When we have turkey for a holiday meal we always have Grandma’s Oyster Dressing. We assume it was her mother’s recipe.
This tradition gets me laughing every Thanksgiving. How in the world, I wonder, did a family of Wyoming ranchers end up making oysters a key ingredient of our holidays? Was great grandpa Luce so rich he could have them shipped from San Francisco specially (as he did his brand)? And how would that even work back then?
Did the Luces from Maine bring the tradition to Utah with them in the 1840s? No way that could work. Spend weeks carting oysters in wagons across the plains?
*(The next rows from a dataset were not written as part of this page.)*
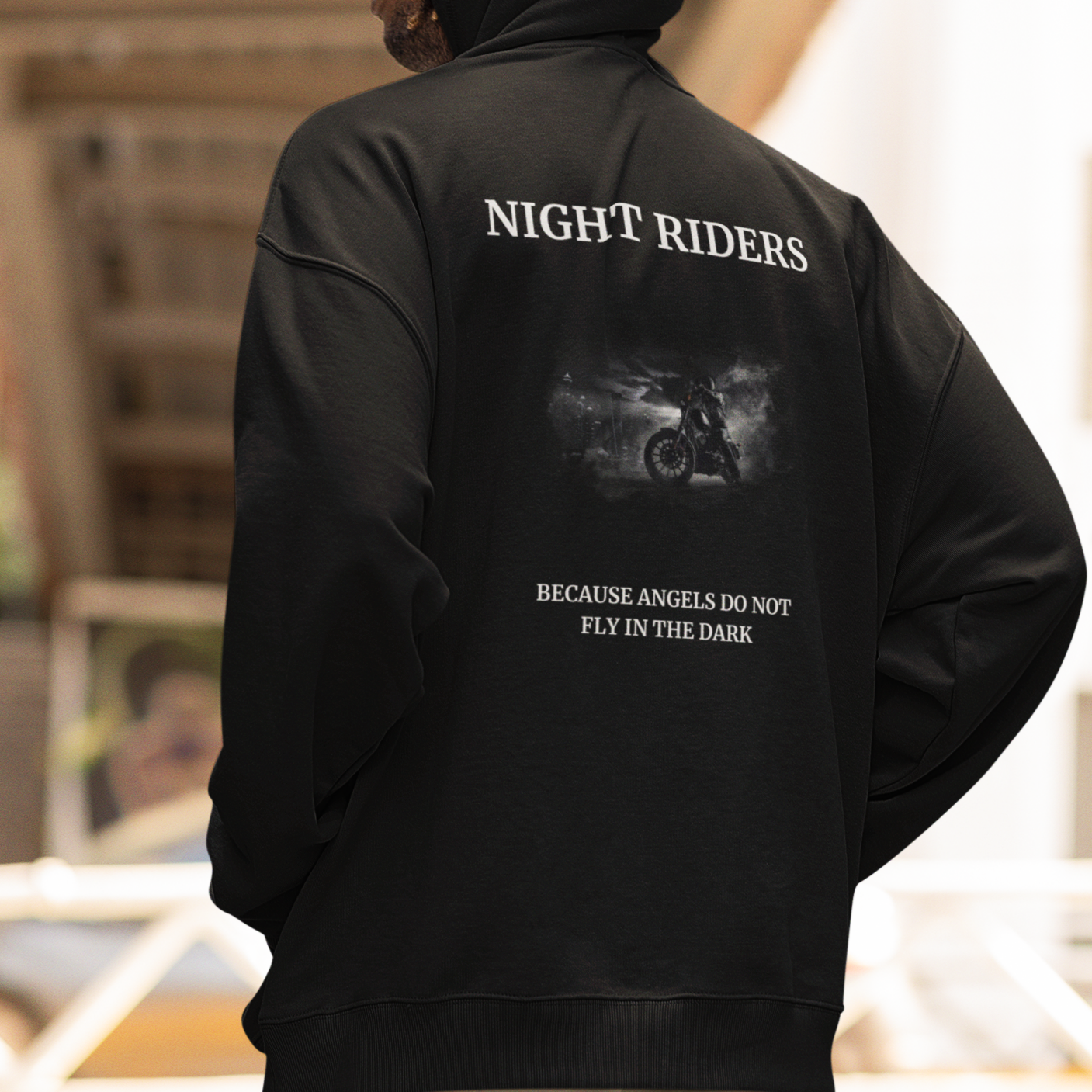 Night Riders - Oversized Hoodie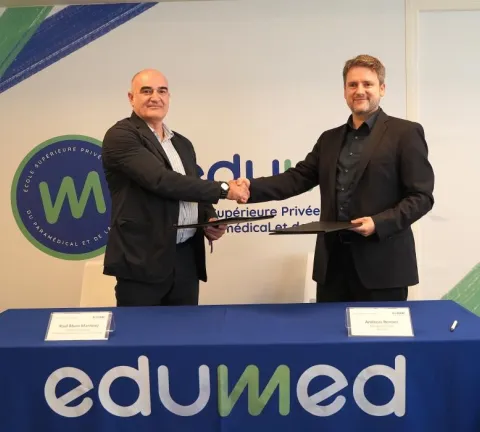 Signature d’un partenariat stratégique entre EDUMED, NOCARE et Elite Deutsch 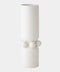 Hera Vase-Matte White-Lg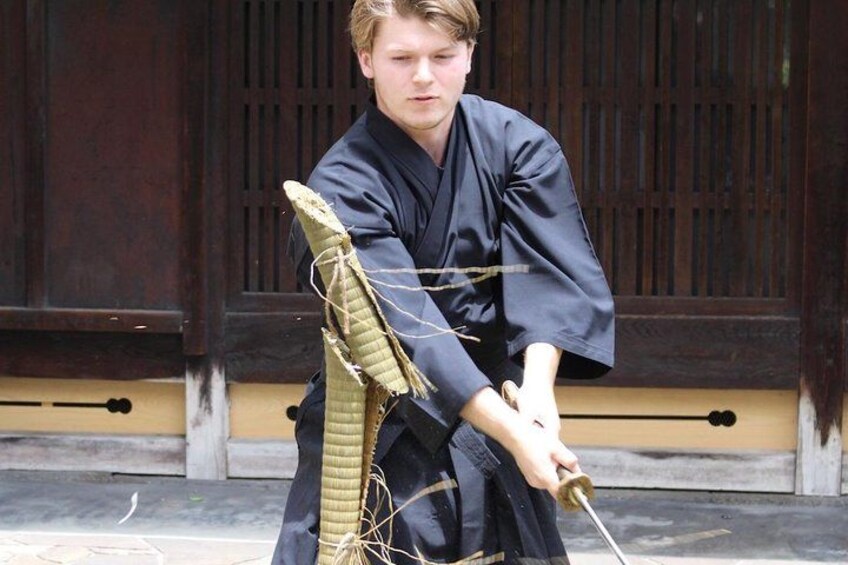 Kyoto Samurai Experience 1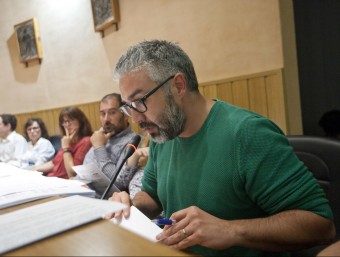 El regidor Juanma Ramon és el síndic portaveu de Compromís per Paterna. EL PUNT AVUI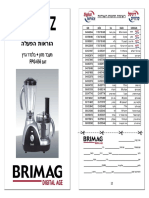 Graetz Food Processor FPG656 - Manual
I don’t think so.
So I was pleased when this article ended up in one of my feeds:
- Matthew Wills. “How Oysters Became a Food Fad Way out West.” JSTOR. July 26, 2021.
Oysters were a thing in the West: “Across the map, nineteenth-century America was mad for oysters.” Who’d have guessed?
“One of the earliest mentions of oysters in the West dates to 1846 when venturers on the Santa Fe Trail were greeted with champagne and oysters upon arriving in Santa Fe.”
The author even satisfies my particular curiosity about oysters in Wyoming: “Cheyenne, Wyoming, established as a node of the Union Pacific Railroad in 1867, boomed from a few dozen people to six thousand in a couple of months. The town’s first newspaper, The Cheyenne Leader, was already advertising 75-cent cans of Baltimore oysters by October of that year.”
So, I’m done making fun of family tradition. (This one, anyway.) I’ve been defeated and forced to admit it is totally and absolutely plausible Grandma Essie made oyster dressing for holidays.